A 6.5-magnitude earthquake rattled southwest China late Tuesday, killing at least seven people, with up to 100 feared dead, according to a government estimate.
Seven people died and 88 were injured in the quake, including 21 seriously, the official Xinhua news agency said.
It said that at least five of the dead were visitors to the tourist area.
But China’s National Commission for Disaster Reduction estimated that as many as 100 people may have perished, based on 2010 census data of the mountainous, sparsely populated region.
Over 130,000 houses may be damaged, it added in a statement posted on its website, based on a preliminary analysis of the disaster in a remote region of Sichuan Province.
President Xi Jinping called for “all-out efforts to rapidly organise relief work and rescue the injured people”, according to Xinhua.
Restaurant owner Tang Sesheng fled her establishment in Jiuzhaigou town after she felt the earth moving under her.
“I was also in Jiuzhaigou in 2008 during the last big quake, so I knew what it was. This felt even stronger,” she told AFP by phone.
She said people had come out of their homes to sit out in the town’s large public square, far from any tall structures, afraid to go back inside for fear that buildings might topple.
Many were also sitting in cars, thinking it safer.
“People did not grab anything like money or clothes — we just all ran outside right away, ” she added.
The quake occurred around 9.20 pm (1320 GMT), not far from the site of a massive 8.0-magnitude earthquake that struck in 2008 leaving 87,000 people dead or missing.
Its epicentre was 284 kilometres (176 miles) north of the provincial capital Chengdu and struck at a depth of 10 kilometres, the US Geological Survey said.
The affected region, Jiuzhaigou county, includes one of the country’s most famous national parks, a UNESCO World Heritage Site known for karst formations and lakes.
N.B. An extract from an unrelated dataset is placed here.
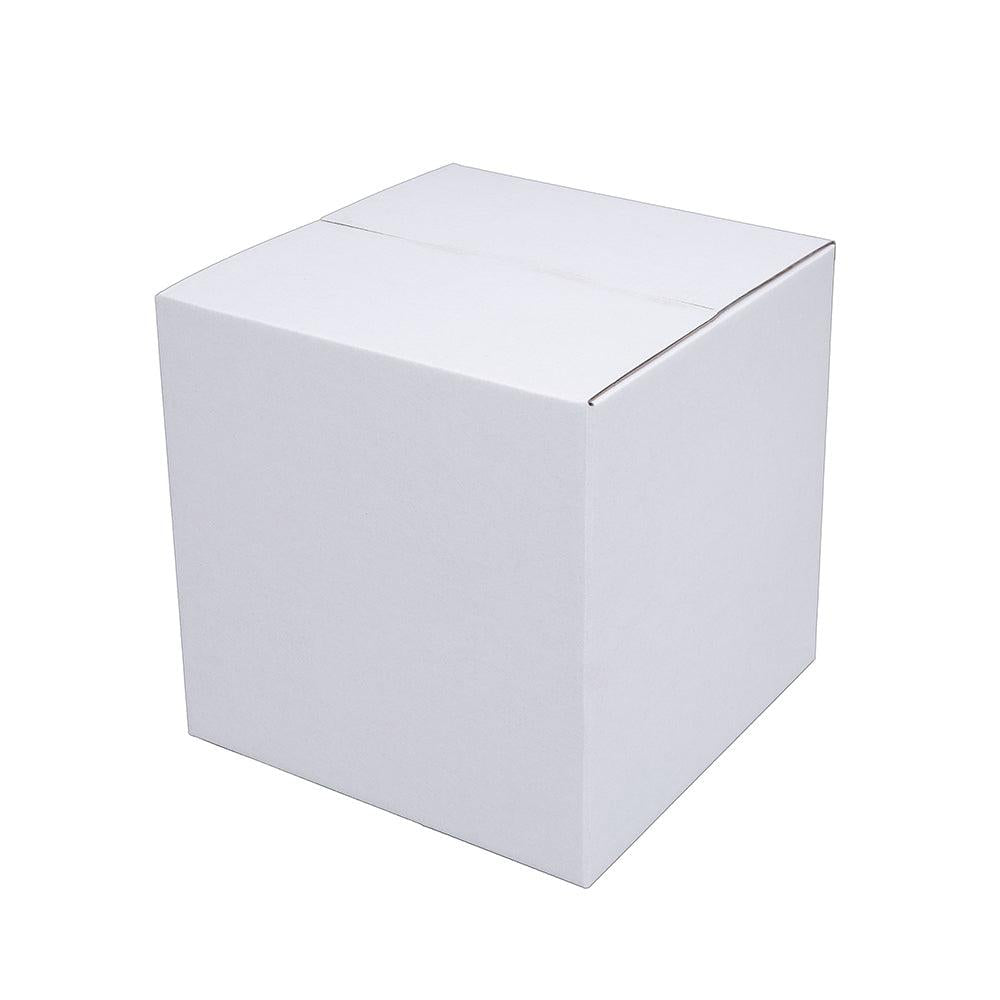 200 x 200 x 200mm Mailing Box B7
Xinhua said that a landslide at the tourist site left more than 100 visitors trapped, but no deaths or injuries were reported among them.
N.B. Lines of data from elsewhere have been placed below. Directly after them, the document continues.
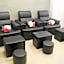 Bed and Bath Serviced Suites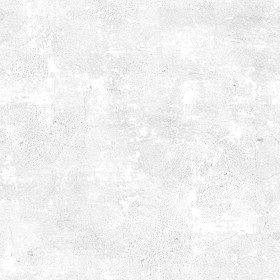 Textures   -   ARCHITECTURE   -   CONCRETE   -   Bare   -   Dirty walls  - Concrete bare dirty texture seamless 01459 - Ambient occlusion
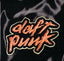 Daft Punk - Homework Vinyl Soma Quality Recordings Default Title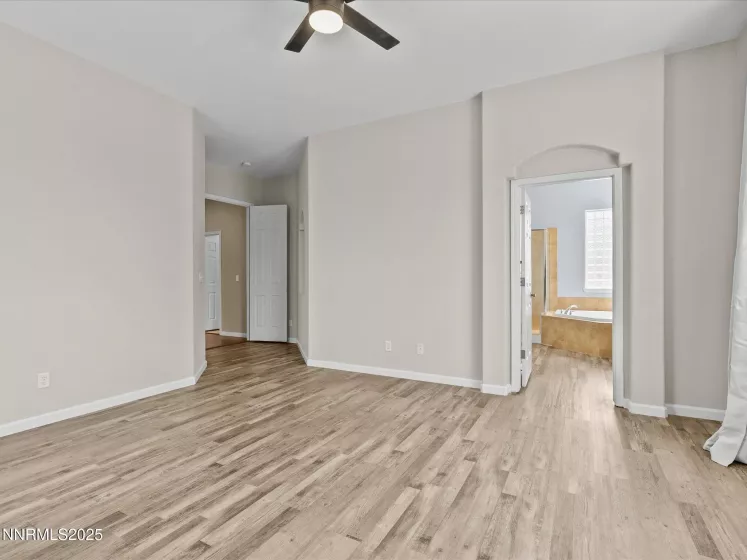 129 Maze, Dayton, Nevada 89403, 3 Bedrooms Bedrooms, ,2 BathroomsBathrooms,Residential,Residential,Maze,250050894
The state-run People’s Daily Newspaper posted video footage on Twitter reportedly showing tourists cut off in the area lighting a camp fire to keep warm at night.
More than 38,000 people visited the tourist site on Tuesday, according to the official Xinhua news agency.
Some houses at the scenic spot collapsed following the quake and authorities were organising young people to help evacuate residents, a staff worker at the park told Xinhua.
Photos from the area posted on social media showed masses of people milling about on streets scattered with light debris, and a taxi dented from being hit by a large boulder.
Over 600 fire officers and soldiers have been deployed, the People’s Daily Newspaper said.
The Red Cross Society of China said it was deploying emergency specialists and volunteers to assist affected communities.
“The quake hit at night, communications lines and electricity are disrupted and people are no doubt shocked and scared,” said Gwendolyn Pang, a spokesperson with the International Federation of Red Cross and Red Crescent Societies in China.
“It may take some time to learn the extent of damage and casualties.”
China is regularly hit by earthquakes, especially its mountainous western and southwestern regions.
Earlier today, a landslide triggered by heavy rains killed at least 24 people in a different, mountainous region of Sichuan to the south of Chengdu.